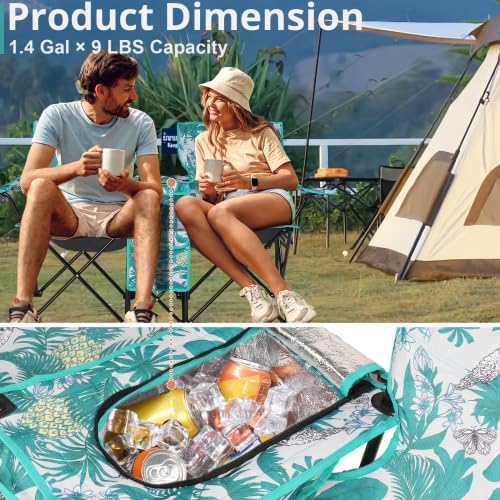 Miniatura 5 de VINGLI Silla de playa con paraguas para adultos, silla de campamento doble con toldo y mesa plegable refrigeradora, bolsa de transporte, silla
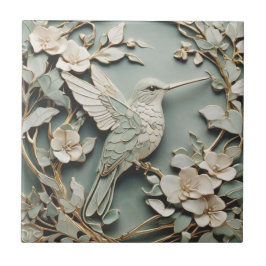 Art Nouveau Faux Relief Hummingbird Bird Mint Tegeltje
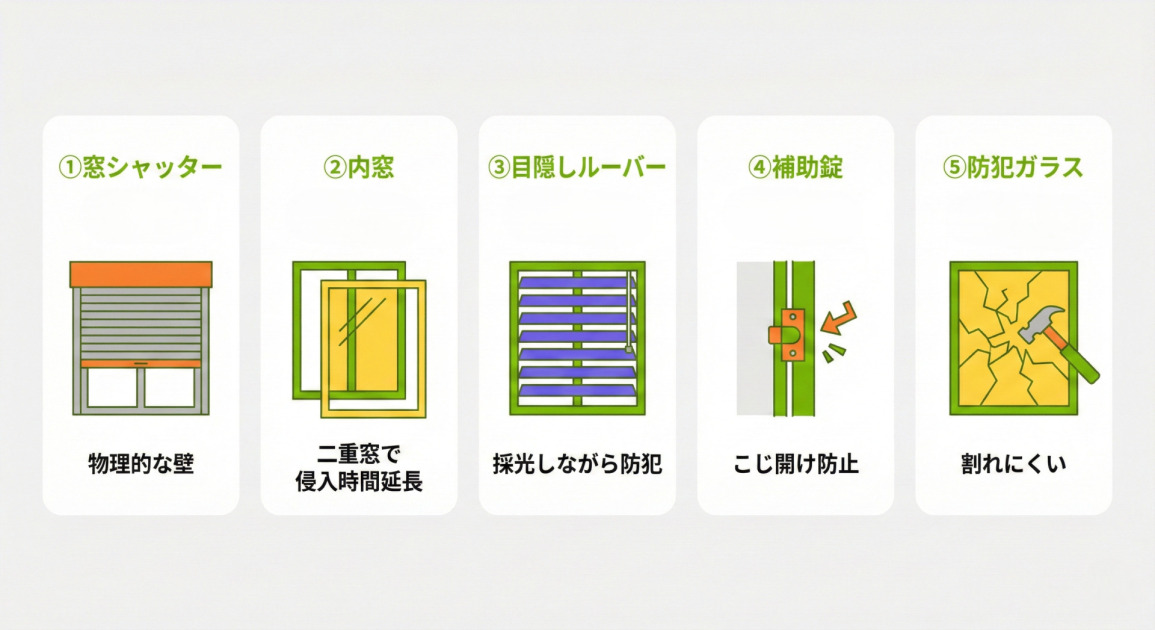 「面格子以外の窓防犯リフォーム5選」と題されたインフォグラフィック。5つの方法がイラスト付きで紹介されている。左から順に、①窓シャッター（物理的な壁）、②内窓（二重窓で侵入時間延長）、③目隠しルーバー（採光しながら防犯）、④補助錠（こじ開け防止）、⑤防犯ガラス（割れにくい）のイラストと説明文が並んでいる。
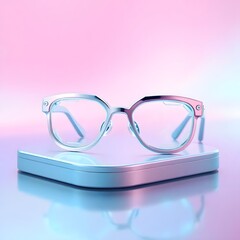 glasses on a blue background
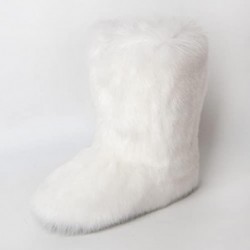 ZOSCGJMY Kunstpelzstiefel für Damen, flauschige, pelzige Winterstiefel aus Wildleder mit runder Spitze, flache Schuhe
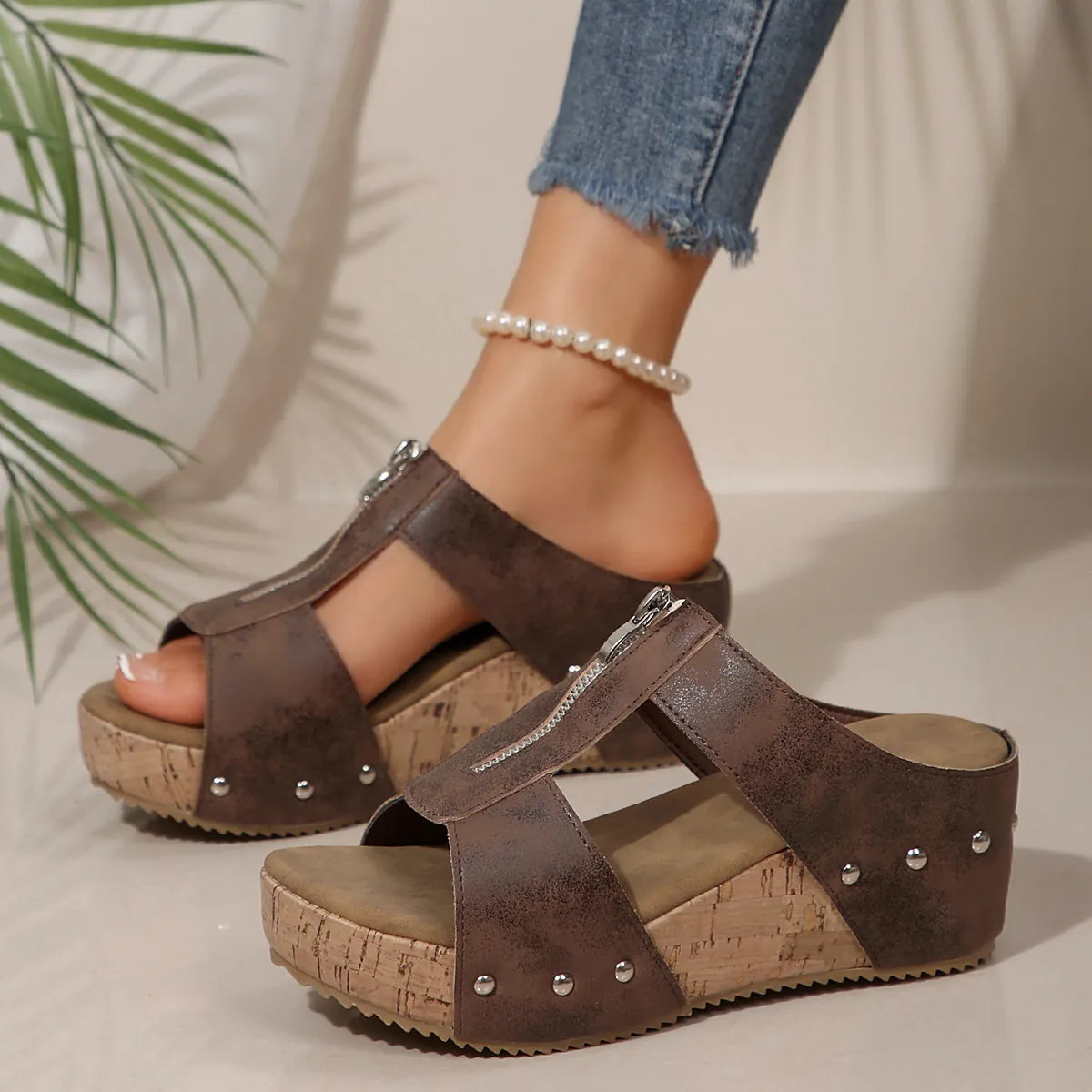 Women Wedge Sandals Peep Toe Platform Rivet PU Leather Casual Summer Large Size Bohemian Retro Cork Sole Mules Sandals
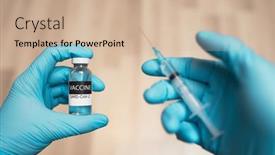  Presentation with syringe - Slide deck featuring doctor-hands-in-protective-gloves background and a soft green colored foreground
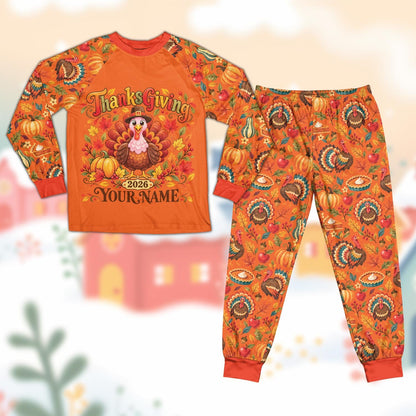 Orange front view of the custom thanksgiving pajama set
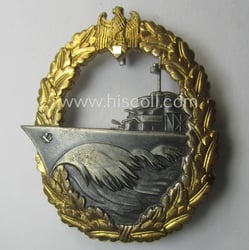 Superb, WH (Kriegsmarine) 'Zerstörerkriegsabzeichen' being a (typical) non-maker-marked...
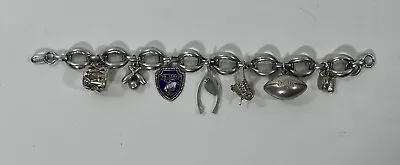 Vintage Charm Bracelet With 7 Sterling Silver Charms (Read Description) • $65.11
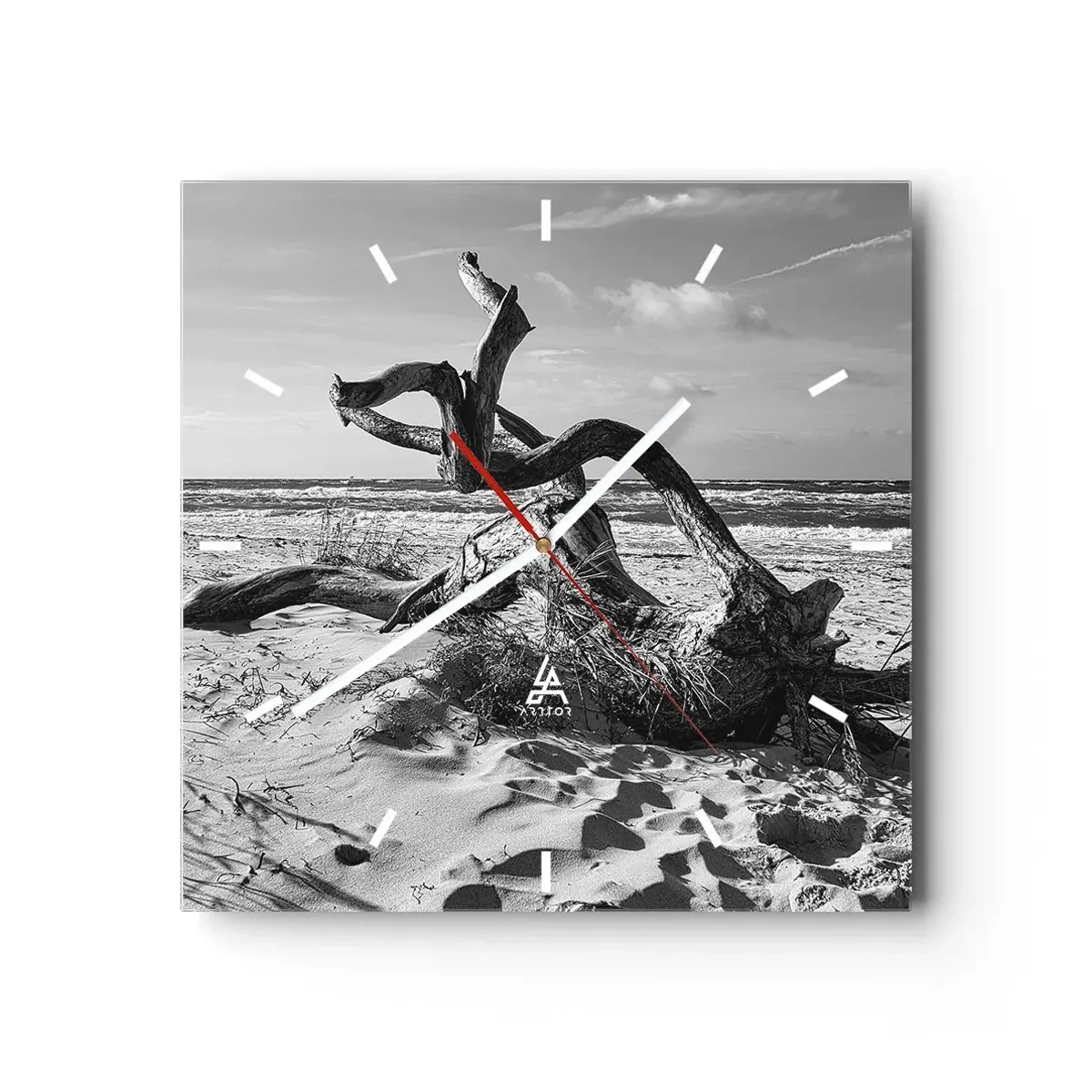Wanduhr - Glasuhr - Schwarz-weiße Landschaft mit einem toten Baum am Strand - 30x30cm - Meeresskulptur - Moderne Wanddekoration für Wohnzimmer und Schlafzimmer ARTTOR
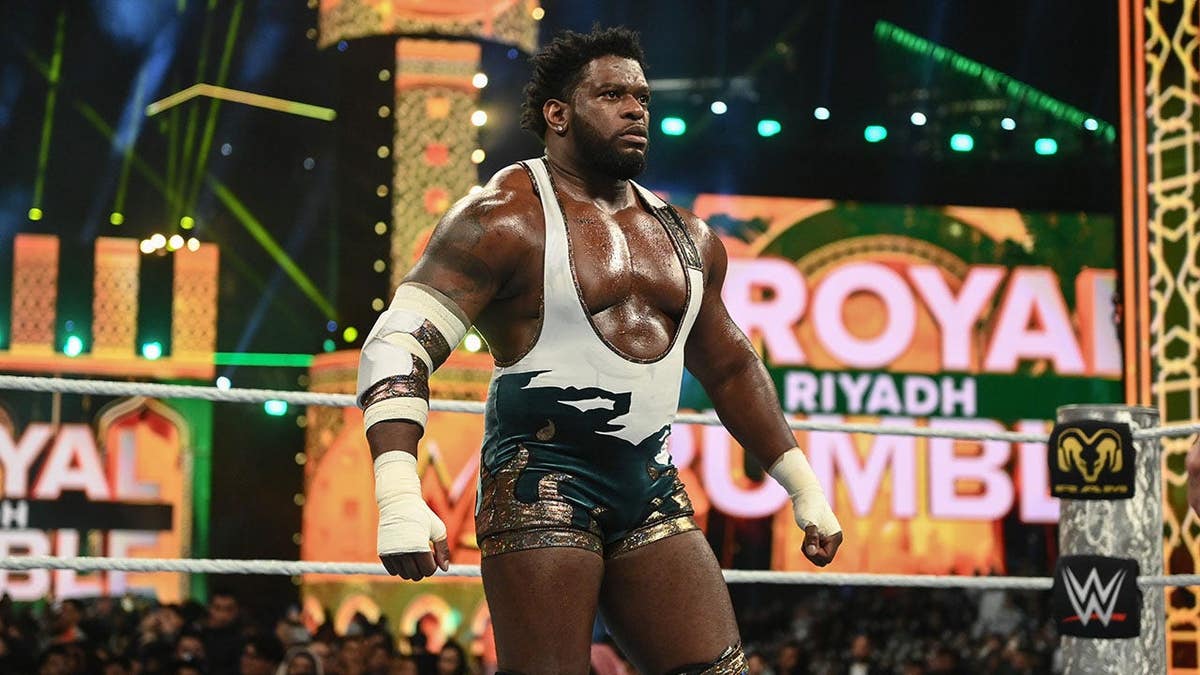 Royce Keys looking on in the ring during WWE Royal Rumble in Riyadh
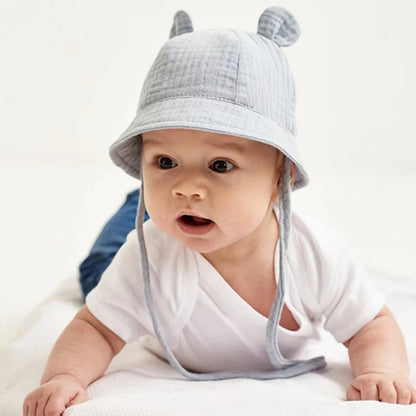 2022 New Autumn Baby Sun Hat Children Outdoor Rabbit Ear Beach Caps Boy Girl Panama Hat Unisex Beach Bucket Hats Bunny Hat Maternitesolution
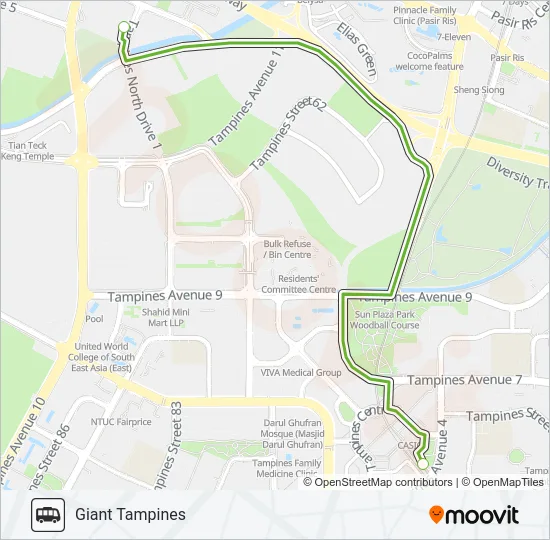 公交GIANT TAMPINES SHUTTLE路的线路图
┄┄┄┄┄┄┄┄┄┄
Set the listing down in full and exactly. Pictures within it should not appear in the copy.

 Miniatura 5 de VINGLI Silla de playa con paraguas para adultos, silla de campamento doble con toldo y mesa plegable refrigeradora, bolsa de transporte, silla
 Art Nouveau Faux Relief Hummingbird Bird Mint Tegeltje
 「面格子以外の窓防犯リフォーム5選」と題されたインフォグラフィック。5つの方法がイラスト付きで紹介されている。左から順に、①窓シャッター（物理的な壁）、②内窓（二重窓で侵入時間延長）、③目隠しルーバー（採光しながら防犯）、④補助錠（こじ開け防止）、⑤防犯ガラス（割れにくい）のイラストと説明文が並んでいる。
 glasses on a blue background
 ZOSCGJMY Kunstpelzstiefel für Damen, flauschige, pelzige Winterstiefel aus Wildleder mit runder Spitze, flache Schuhe
 Women Wedge Sandals Peep Toe Platform Rivet PU Leather Casual Summer Large Size Bohemian Retro Cork Sole Mules Sandals
  Presentation with syringe - Slide deck featuring doctor-hands-in-protective-gloves background and a soft green colored foreground
 Orange front view of the custom thanksgiving pajama set
 Superb, WH (Kriegsmarine) 'Zerstörerkriegsabzeichen' being a (typical) non-maker-marked...
 Vintage Charm Bracelet With 7 Sterling Silver Charms (Read Description) • $65.11
Wanduhr - Glasuhr - Schwarz-weiße Landschaft mit einem toten Baum am Strand - 30x30cm - Meeresskulptur - Moderne Wanddekoration für Wohnzimmer und Schlafzimmer ARTTOR
 Royce Keys looking on in the ring during WWE Royal Rumble in Riyadh
 2022 New Autumn Baby Sun Hat Children Outdoor Rabbit Ear Beach Caps Boy Girl Panama Hat Unisex Beach Bucket Hats Bunny Hat Maternitesolution
 公交GIANT TAMPINES SHUTTLE路的线路图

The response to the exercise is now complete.